- Abbreviation: UZM
- Founded: 10 April 1994; 32 years ago
- Type: Supporter's group, Ultras group
- Club: HŠK Zrinjski Mostar
- Location: Mostar, Bosnia and Herzegovina
- Arenas: Stadion HŠK Zrinjski Bijeli Brijeg Hall
- Stand: East (Tribina Stajanje) (1994–2023) West (Sector A)

= Ultras Mostar =

Bosnian football fan club

Ultras Mostar is HŠK Zrinjski Mostar supporters' group in Bosnia and Herzegovina. The fan club was unofficially founded in 1994 and officially established in March 1998. While it promotes all sections of the sports club Zrinjski, it primarily promotes the football department.

==History==

Ultras in the stands of Bijeli Brijeg Stadium during a Zrinjski game

Ultras Mostar was an unregistered fan club from 1994. It was officially established in March 1998, registered as part of the Registry of Citizens' Associations in the Herzegovina-Neretva Canton.
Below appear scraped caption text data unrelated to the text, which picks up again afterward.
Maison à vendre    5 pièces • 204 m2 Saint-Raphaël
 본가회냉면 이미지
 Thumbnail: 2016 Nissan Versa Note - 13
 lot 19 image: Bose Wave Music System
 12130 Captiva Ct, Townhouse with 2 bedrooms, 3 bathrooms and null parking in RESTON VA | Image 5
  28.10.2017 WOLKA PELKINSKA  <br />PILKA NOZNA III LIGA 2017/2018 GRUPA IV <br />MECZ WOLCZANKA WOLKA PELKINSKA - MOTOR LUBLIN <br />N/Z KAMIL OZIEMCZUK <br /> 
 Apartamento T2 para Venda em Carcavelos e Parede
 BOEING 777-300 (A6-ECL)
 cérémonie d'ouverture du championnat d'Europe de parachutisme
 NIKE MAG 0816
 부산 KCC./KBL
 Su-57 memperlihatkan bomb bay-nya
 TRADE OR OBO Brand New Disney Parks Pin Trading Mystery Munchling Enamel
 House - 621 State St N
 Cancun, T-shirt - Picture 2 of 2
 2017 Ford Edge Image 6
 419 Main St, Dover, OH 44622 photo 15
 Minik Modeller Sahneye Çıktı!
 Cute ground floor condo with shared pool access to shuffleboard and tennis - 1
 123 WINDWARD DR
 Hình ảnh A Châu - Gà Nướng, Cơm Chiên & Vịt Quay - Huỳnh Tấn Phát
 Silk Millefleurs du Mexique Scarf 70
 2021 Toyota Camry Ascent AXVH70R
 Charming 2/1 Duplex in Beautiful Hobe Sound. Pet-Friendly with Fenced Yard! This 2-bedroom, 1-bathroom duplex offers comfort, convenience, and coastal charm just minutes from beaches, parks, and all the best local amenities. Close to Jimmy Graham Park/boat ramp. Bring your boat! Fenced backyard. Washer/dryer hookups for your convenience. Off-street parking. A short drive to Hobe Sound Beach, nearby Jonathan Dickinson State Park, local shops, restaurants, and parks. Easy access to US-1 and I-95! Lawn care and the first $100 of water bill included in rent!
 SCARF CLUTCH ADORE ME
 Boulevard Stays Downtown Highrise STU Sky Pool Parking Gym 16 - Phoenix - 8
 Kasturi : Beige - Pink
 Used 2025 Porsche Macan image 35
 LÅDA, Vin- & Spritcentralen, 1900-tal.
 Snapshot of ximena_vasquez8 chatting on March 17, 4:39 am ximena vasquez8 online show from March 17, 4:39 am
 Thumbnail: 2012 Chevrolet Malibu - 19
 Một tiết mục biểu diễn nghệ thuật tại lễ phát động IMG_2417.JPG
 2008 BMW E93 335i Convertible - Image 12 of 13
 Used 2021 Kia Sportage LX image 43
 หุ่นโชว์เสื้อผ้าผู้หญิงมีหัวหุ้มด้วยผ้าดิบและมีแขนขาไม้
The group consists of Bosnian Croats. While it supports all sports played by Zrinjski Mostar, it primarily supports the football club HŠK Zrinjski Mostar. Its main rivals are Red Army Mostar. Ultras Mostar has been involved in incidents where its members have been victims of attacks, or perpetrators of incidents, such as property destruction, stoning, singing nationalist songs, drawing graffiti, etc.